One of the strongest arguments is economic:  Look at how much total health care costs increase when people with chronic medical conditions (already a high-cost population) also have a comorbid behavioral health condition. A 2011 report sponsored by the Robert Wood Johnson Foundation identified populations with comorbid medical and mental conditions as “at risk for high costs and poor quality of care.” This report indicates that 34 million adults in the U.S., or 17% of the adult population, have such a comorbidity within a 12-month period4 and that they often have poor medical outcomes.

Actuaries from Milliman have calculated the impact of comorbid depression and anxiety on total health care costs. They evaluated a claims database to evaluate costs for members in a commercially-insured population with one of 10 chronic medical conditions. Their next step was to identify the health care costs for members in this group with treated depression and anxiety. This comorbid sub-group cost $45 per member per month more in total health care costs than the group without depression or anxiety.

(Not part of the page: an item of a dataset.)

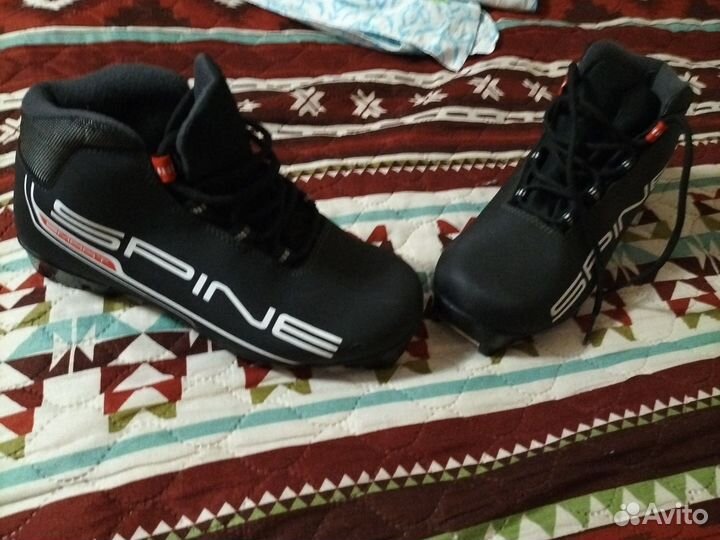 Лыжные ботинки spine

However, even more important than this calculation is their estimate of the additional cost impact of members with depression and anxiety who do not get mental health treatment since their condition has not been identified. When total health care costs are calculated for this entire comorbid population, including those treated and untreated for their depression and anxiety, they account for 21% of the health care spending for the entire insured group.5

The leaders of ACOs and medical homes need to understand how important this comorbid population will be to their success. A team of behavioral health clinicians should emphasize the impact their work can have economically, and should be prepared to discuss protocols for integrating with the larger health care team to improve the detection and treatment of depression and anxiety. 

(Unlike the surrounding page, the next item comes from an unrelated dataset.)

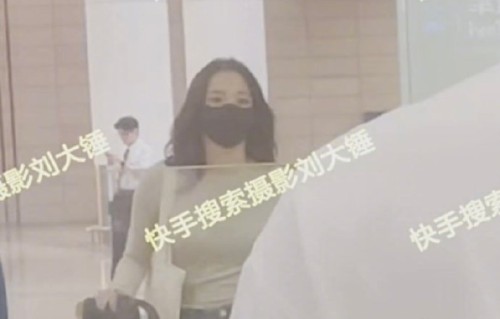 欧阳娜娜毕业照上安雨真的是她男友吗？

Of course, this is only the beginning of the value proposition, the difference that behavioral health professionals can make in a world shaped by health reform. This discussion began with the perspective of how behavioral health clinicians can benefit from being more business literate with the emergence of health care reform, but the more appropriate perspective is how savvy behavioral health clinicians can improve the overall health status of populations, as well as the total cost of health care in the U.S.

 

Edward R. Jones, Ph.D. is Senior VP for Strategic Planning at the Institute for Health and Productivity Management (Scottsdale, Ariz.) and a member of the Behavioral Healthcare editorial board.

 

References

1.      Cummings, N.A., Cummings, J.L., and O’Donohue, W.  “We are not a Healthcare Business:  Our Inadvertent Vow of Poverty,” J Contemporary Psychotherapy, 2008.

2.      Wampold, B.E., The Great Psychotherapy Debate:  Models, Methods, and Findings, Lawrence Erlbaum Associates, Mahwah, NJ, 2001, p.71.

3.      Seligman, M.E.P., Flourish:  A Visionary New Understanding of Happiness and Well-being, Free Press, New York, 2011.

4.      Druss, B.G. and Walker E.R., “Mental Disorders and Medical Comorbidity,” Research Synthesis Report No. 21, The Robert Wood Johnson Foundation, February 2011.

5.      Melek, S. and Norris, D., “Chronic Conditions and Comorbid Psychological Disorders,” Milliman Research Report, July 2008.